Income distribution

Monte Carlo simulation
economics
Published

March 27, 2025

A BBC report dated 16th January 2023 presents an interesting statistics. It quotes an OXFAM report, stating that 40% wealth is in the hands of top 1%.

This can be taken as 40:1 Pareto index.

Figure 1: Income distribution as seen by Pareto

What is Pareto index?

Italian polymath Vilfredo Pareto observed that approximately 80% of Italy’s land was owned by 20% of the population. It is surprisingly self similar over a wide range of magnitudes. That means, 20% of the 20% of total population own 80% of 80% of total land and goes on.

Income distribution is not normal

Hence the outcomes completely differ from Normal or Gaussian distribution.

This is a simplification of a general rule. The ratio or index can be any where and need not add up to 100.

Parameters of Pareto distribution

The Pareto distribution can be described with only 2 simple parameters, ⍺ and xm.

Calculating the 𝛂

If the Pareto ratio is x:y,

\[𝛼 = log(x+y)/log(x)\]

Exact formula is logx(x+y)

Here, \[𝛼=log(41)/log(40)\]

⍺ = 1.0067

Smaller the ⍺, the larger the proportion of very high-income people and vice verse. Here we can that the index is very low, close to 1.

xm

It is the minimum value of the parameter under study.

Case Scenario

Assume that a marginal individual works for 308 days a year with a minimum wage of ₹105. Her yearly income will be around ₹32400. This can be taken as the minimum value of x, the income distribution we are studying.

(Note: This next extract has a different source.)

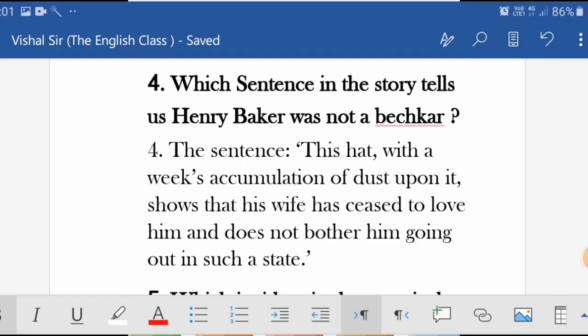Fourth question: 'Which sentence in the story tells us Henry Baker was not a bachelor?' The sentence is: 'This hat with a week's accumulation of dust upon it.' This sentence shows that his wife had ceased to love him and does not bother about him going out in such a state. This tells us Henry Baker was not a bachelor — he was married.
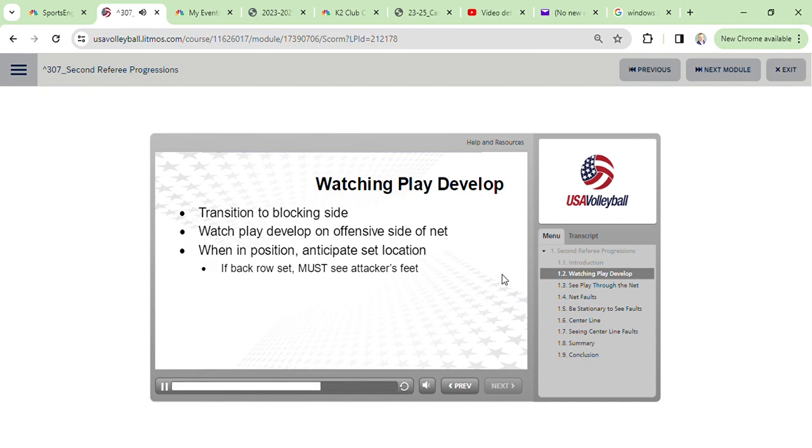If not, remain stationary to ensure you have a clear view of the feet of the attacker and the play that occurs at the net.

Let’s call it xm.

What will be the mean and median income of the community in which she is living? What will be the maximum income possible? Let’s calculate

Monte Carlo simulation of income distribution

Monte Carlo Simulation can be defined as a computational method of repeated random sampling to obtain numerical results. It can be done using excel with or without add-ons for simulation. Excel does not natively support Pareto sampling. Free Open Sourse add-ons like XLRisk also (right now) does not support the same. r is excellent tool in this situation and also for Monte Carlo simulation of returns for volatile instruments using levi stable distribution

r for simulating income distribution

First, install the necessary package VGAM if you haven’t already and load.

Code
library(VGAM)

Choose the parameters for the Pareto distribution. We have already calculated the ⍺ and xm. See Section 3

Code
alpha <- 1.0067
xm <- 32400

Use the rpareto function to generate random samples. Let’s simulate the wealth of 1000 individuals.

Code
n <- 10000  # Number of individuals
income_samples <- rpareto(n, scale = xm, shape = alpha)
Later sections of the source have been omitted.